Threads the Assembler way
For this article, I wanted to try to use threads via pthreads, but from assembler
instead of from C. Cutting to the chase, it is not only possible, but also
relatively easy, but I also made many mistakes on the way there.
Perils of Assembler programming
As you know, I've written a handful of Assembler programs for my blog at this
point. It seems to be a good point to talk briefly about the main difference or
the main challenge I met with while programming on that level.
Having written a few medium-sized C programs (including drivers running on
Windows), one might believe to know low-level programming. But writing Assembler
code clearly shows that C actually is a high-level programming language. Yes, if
you hear "high-level programming language", you might expect nice productivity
features like garbage collection or dynamic typing (or at least language support
for OOP). But if you change your point of view somewhat, you will see that C
makes a lot of stuff easy, safe and comfortable.
Yes, I just said that coding in C is safe. Again, that is relative to Assembler:
The main problem I had while writing my Assembler programs was that I wrote code
I was quite certain it would work - how could it not, as reasoning about it
seemed straight-forward? - but when running it, the output was either
"segmentation fault" or "bus error".
Segmentation faults are no stranger to any C programmer who learned from his
mistakes. They occur easily when you access a struct via a null pointer or have
a use-after-free bug in your code. Or maybe you did not respect your array
boundaries? There are many ways to provoke them.
Bus errors were new to me. According to wikipedia
they occur on unaligned memory accesses (which is only a "problem" on amd64 if
you enable checking for them, which I did not) or if you try to access memory
from an address that is wholly unrecognizable for your computer.
When you are coding Assembler programs, you get all the problems of C (well,
most of them at least. You won't have to deal with code being optimized away).
But you also get even more problems. When writing C, the compiler will yell at
you if you take an int or char** and use it as an char*. Without explicit
casting, you cannot get them wrong.
If you mistake a LEA instruction for a MOV or vice versa, you can easily make
that mistake.
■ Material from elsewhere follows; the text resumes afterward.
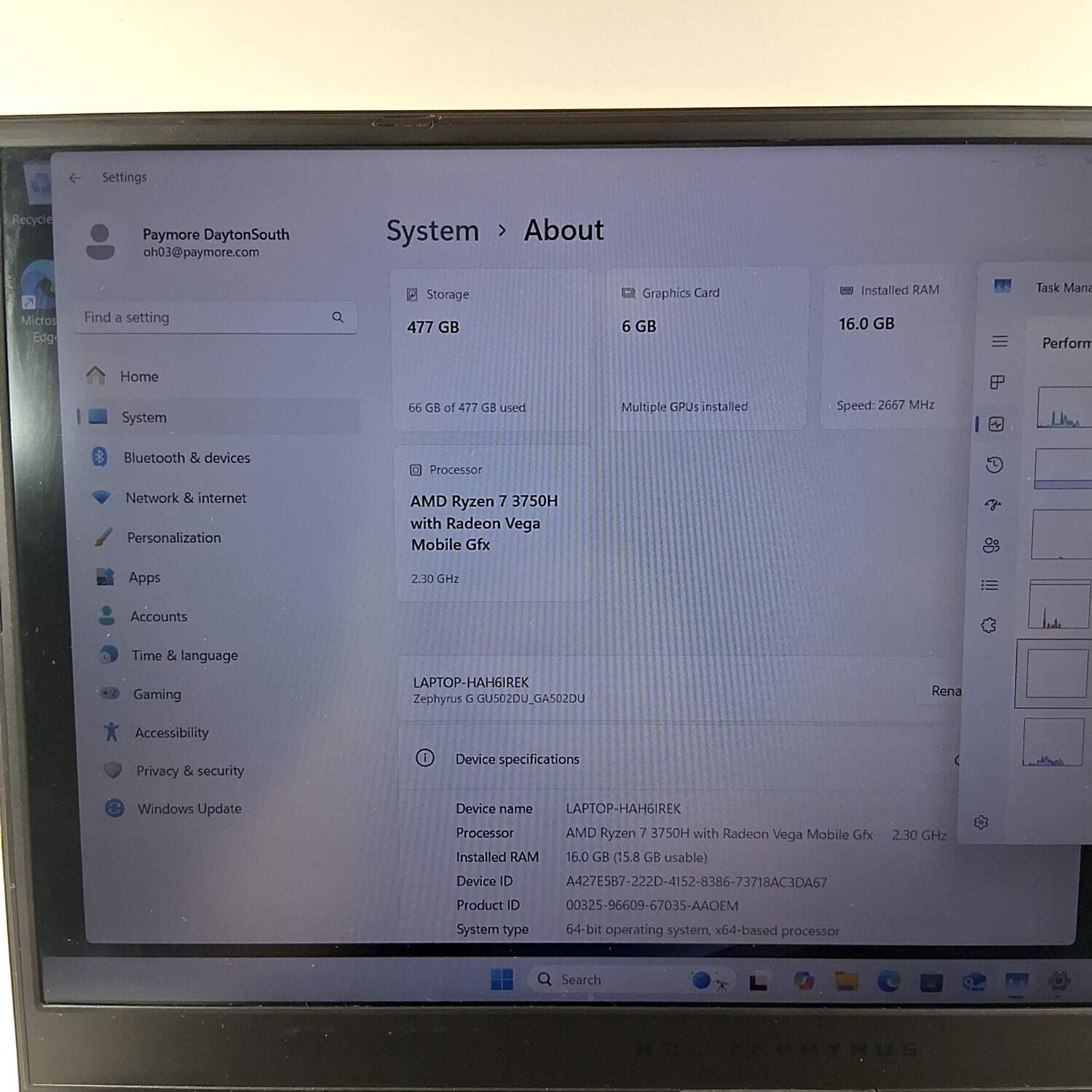 Broken Asus ROG Zephyrus G15 Ryzen 7 3750H 2.3GHz NVidia GeForce GTX 1660 Ti 16G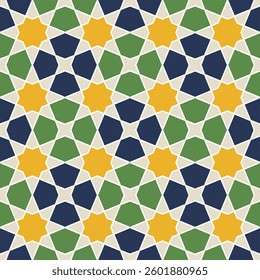 Vector Moorish mosaic tile design series in traditional Islamic style, non-AI generated. Human-made retro ornamental symmetrical element in Arabian culture.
I make these mistakes more often than I am comfortable to admit,
and this breaks my programs and leaves me confused. Well, at least debugging
with GDB works well for Assembler programs.
That said, let's start with our program for today.
Playing with threads
What is the "hello world" of concurrency, I wondered? Ignoring that I could
start multiple threads that just print on stdout, I wanted to do something more
insightful. I settled on creating two threads that increment the same counter in
a loop. If you are familiar with the typical bugs that you can get in that
scenario, you know were I will be going with this example. If not, just follow
along.
Our standard files
I did not make a lot of changes to our standard files. But look, we are linking
to a new library in the makefile!
Makefile:
PRGNAME=asmthread OBJECTS=asmthread.o openbsd-note.o $PRGNAME: $(OBJECTS) ld --dynamic-linker=/usr/libexec/ld.so -L/usr/lib -lc -lpthread -o $(PRGNAME) \ $(OBJECTS) .s.o: as -g -o $@ $< clean: -rm *.o -rm $(PRGNAME)
openbsd-note.s:
.section ".note.openbsd.ident", "a" .p2align 2 .long 8,4,1 .ascii "OpenBSD\0" .long 0
Concurrent Assembler code, first try
.intel_syntax noprefix .text .global _start .p2align 4, 0xcc _start: mov rbp, rsp sub rsp, 16 /* enough space for two pthread variables */ lea rdi, [rsp] xor rsi, rsi lea rdx, [rip+countThread] mov rcx, 1 call pthread_create@plt lea rdi, [rsp+8] xor rsi, rsi lea rdx, [rip+countThread] mov rcx, 2 call pthread_create@plt mov rdi, [rsp] xor rsi, rsi call pthread_join@plt mov rdi, [rsp+8] xor rsi, rsi call pthread_join@plt lea rdi, [rip+.L.printCounter] mov rsi, [rip+.L.counter] call printf@plt xor rdi, rdi call exit@plt .p2align 4, 0xcc countThread: push rbp mov rbp, rsp xor rax, rax .L.loop: cmp rax, 5000000 je .L.done inc rax inc QWORD PTR [rip+.L.counter] jmp .L.loop .L.done: mov rsi, rdi /* get thread parameter */ lea rdi, [rip+.L.printThreadFinished] call printf@plt xor rax, rax mov rsp, rbp pop rbp ret .bss .L.counter: .skip 8 .section .rodata .L.printCounter: .asciz "Counter: %d\n" .L.printThreadFinished: .asciz "Thread '%d' finished\n"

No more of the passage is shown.